═══ Records supplied ═══

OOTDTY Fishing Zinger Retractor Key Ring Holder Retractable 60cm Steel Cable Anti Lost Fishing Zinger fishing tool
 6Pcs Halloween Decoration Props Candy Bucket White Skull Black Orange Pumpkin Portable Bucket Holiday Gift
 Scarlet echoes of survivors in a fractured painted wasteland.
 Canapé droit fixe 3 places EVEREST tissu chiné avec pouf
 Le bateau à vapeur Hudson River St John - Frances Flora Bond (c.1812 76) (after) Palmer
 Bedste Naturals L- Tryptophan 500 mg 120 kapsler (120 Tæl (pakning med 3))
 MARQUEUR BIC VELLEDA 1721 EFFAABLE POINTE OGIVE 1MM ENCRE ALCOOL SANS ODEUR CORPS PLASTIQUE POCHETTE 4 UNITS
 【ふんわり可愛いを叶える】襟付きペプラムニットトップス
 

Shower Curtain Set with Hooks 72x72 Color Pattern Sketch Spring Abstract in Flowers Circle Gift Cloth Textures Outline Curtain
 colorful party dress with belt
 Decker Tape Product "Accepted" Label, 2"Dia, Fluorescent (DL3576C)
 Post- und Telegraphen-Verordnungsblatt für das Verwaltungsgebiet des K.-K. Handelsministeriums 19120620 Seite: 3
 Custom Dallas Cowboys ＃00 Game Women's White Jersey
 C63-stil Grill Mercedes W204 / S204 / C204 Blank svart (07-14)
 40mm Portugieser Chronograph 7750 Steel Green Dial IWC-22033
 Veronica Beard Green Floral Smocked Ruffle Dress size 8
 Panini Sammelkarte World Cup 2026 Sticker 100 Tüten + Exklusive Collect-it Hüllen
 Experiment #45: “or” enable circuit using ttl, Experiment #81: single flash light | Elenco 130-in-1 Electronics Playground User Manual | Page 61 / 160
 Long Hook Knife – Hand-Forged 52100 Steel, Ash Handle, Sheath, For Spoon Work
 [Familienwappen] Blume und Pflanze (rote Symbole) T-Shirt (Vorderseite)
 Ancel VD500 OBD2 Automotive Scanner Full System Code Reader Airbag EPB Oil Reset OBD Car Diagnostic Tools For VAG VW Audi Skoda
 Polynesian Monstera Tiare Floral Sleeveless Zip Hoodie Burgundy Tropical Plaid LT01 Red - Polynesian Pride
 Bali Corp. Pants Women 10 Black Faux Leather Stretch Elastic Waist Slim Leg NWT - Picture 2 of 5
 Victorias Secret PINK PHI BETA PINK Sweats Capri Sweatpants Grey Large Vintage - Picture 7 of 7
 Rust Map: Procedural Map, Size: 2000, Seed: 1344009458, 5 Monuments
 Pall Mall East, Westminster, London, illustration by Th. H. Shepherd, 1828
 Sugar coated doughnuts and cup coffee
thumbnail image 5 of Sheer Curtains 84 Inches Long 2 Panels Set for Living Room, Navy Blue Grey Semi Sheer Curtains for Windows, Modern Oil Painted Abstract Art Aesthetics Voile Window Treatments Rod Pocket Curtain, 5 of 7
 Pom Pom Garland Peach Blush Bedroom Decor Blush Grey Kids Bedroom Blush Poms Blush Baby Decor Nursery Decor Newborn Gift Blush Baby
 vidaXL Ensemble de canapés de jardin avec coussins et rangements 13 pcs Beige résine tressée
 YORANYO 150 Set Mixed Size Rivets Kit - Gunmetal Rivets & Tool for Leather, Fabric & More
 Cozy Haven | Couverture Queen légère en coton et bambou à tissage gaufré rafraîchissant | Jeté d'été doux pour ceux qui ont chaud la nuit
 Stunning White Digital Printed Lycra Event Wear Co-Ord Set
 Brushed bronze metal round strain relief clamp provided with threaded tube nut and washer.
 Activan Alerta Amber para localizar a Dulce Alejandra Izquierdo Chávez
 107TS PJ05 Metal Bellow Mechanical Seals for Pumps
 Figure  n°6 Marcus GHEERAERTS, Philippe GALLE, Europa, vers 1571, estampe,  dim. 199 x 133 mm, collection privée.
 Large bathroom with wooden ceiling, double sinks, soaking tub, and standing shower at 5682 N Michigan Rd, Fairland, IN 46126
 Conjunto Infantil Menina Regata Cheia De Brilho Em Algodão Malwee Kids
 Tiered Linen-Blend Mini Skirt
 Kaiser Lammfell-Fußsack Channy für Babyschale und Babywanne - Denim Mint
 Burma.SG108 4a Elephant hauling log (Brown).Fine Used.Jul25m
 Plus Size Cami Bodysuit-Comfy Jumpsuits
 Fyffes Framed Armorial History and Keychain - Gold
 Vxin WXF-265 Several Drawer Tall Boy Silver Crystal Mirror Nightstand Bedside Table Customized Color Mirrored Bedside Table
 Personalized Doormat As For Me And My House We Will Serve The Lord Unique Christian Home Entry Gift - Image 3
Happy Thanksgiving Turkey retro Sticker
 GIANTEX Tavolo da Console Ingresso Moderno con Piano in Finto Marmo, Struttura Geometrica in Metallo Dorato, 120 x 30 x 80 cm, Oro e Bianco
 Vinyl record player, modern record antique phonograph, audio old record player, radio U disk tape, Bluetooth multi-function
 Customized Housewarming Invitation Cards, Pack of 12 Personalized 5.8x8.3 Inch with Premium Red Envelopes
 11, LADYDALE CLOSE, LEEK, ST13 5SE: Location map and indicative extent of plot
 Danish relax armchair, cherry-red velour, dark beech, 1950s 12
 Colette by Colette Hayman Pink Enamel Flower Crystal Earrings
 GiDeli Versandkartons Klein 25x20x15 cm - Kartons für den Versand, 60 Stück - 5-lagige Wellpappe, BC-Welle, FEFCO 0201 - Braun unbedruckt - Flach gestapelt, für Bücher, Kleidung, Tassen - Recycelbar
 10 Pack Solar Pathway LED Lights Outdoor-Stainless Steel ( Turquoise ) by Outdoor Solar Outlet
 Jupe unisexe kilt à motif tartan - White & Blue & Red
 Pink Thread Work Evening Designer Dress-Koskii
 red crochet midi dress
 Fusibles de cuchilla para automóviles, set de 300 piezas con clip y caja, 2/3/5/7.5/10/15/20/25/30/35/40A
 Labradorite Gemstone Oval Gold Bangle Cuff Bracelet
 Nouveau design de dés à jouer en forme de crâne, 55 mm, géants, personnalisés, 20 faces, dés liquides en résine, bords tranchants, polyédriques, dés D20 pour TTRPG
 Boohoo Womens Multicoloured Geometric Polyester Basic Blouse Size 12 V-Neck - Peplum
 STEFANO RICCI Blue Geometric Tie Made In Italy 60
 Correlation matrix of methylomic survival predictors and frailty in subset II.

═══

• [Your goal]:
Copy the lines of the data above exactly as written, beginning with the line containing "vidaXL Ensemble de" and ending with the line containing "Customized Housewarming Invitation", and leave out all other lines.

• [Solution to this task]:
 vidaXL Ensemble de canapés de jardin avec coussins et rangements 13 pcs Beige résine tressée
 YORANYO 150 Set Mixed Size Rivets Kit - Gunmetal Rivets & Tool for Leather, Fabric & More
 Cozy Haven | Couverture Queen légère en coton et bambou à tissage gaufré rafraîchissant | Jeté d'été doux pour ceux qui ont chaud la nuit
 Stunning White Digital Printed Lycra Event Wear Co-Ord Set
 Brushed bronze metal round strain relief clamp provided with threaded tube nut and washer.
 Activan Alerta Amber para localizar a Dulce Alejandra Izquierdo Chávez
 107TS PJ05 Metal Bellow Mechanical Seals for Pumps
 Figure  n°6 Marcus GHEERAERTS, Philippe GALLE, Europa, vers 1571, estampe,  dim. 199 x 133 mm, collection privée.
 Large bathroom with wooden ceiling, double sinks, soaking tub, and standing shower at 5682 N Michigan Rd, Fairland, IN 46126
 Conjunto Infantil Menina Regata Cheia De Brilho Em Algodão Malwee Kids
 Tiered Linen-Blend Mini Skirt
 Kaiser Lammfell-Fußsack Channy für Babyschale und Babywanne - Denim Mint
 Burma.SG108 4a Elephant hauling log (Brown).Fine Used.Jul25m
 Plus Size Cami Bodysuit-Comfy Jumpsuits
 Fyffes Framed Armorial History and Keychain - Gold
 Vxin WXF-265 Several Drawer Tall Boy Silver Crystal Mirror Nightstand Bedside Table Customized Color Mirrored Bedside Table
 Personalized Doormat As For Me And My House We Will Serve The Lord Unique Christian Home Entry Gift - Image 3
Happy Thanksgiving Turkey retro Sticker
 GIANTEX Tavolo da Console Ingresso Moderno con Piano in Finto Marmo, Struttura Geometrica in Metallo Dorato, 120 x 30 x 80 cm, Oro e Bianco
 Vinyl record player, modern record antique phonograph, audio old record player, radio U disk tape, Bluetooth multi-function
 Customized Housewarming Invitation Cards, Pack of 12 Personalized 5.8x8.3 Inch with Premium Red Envelopes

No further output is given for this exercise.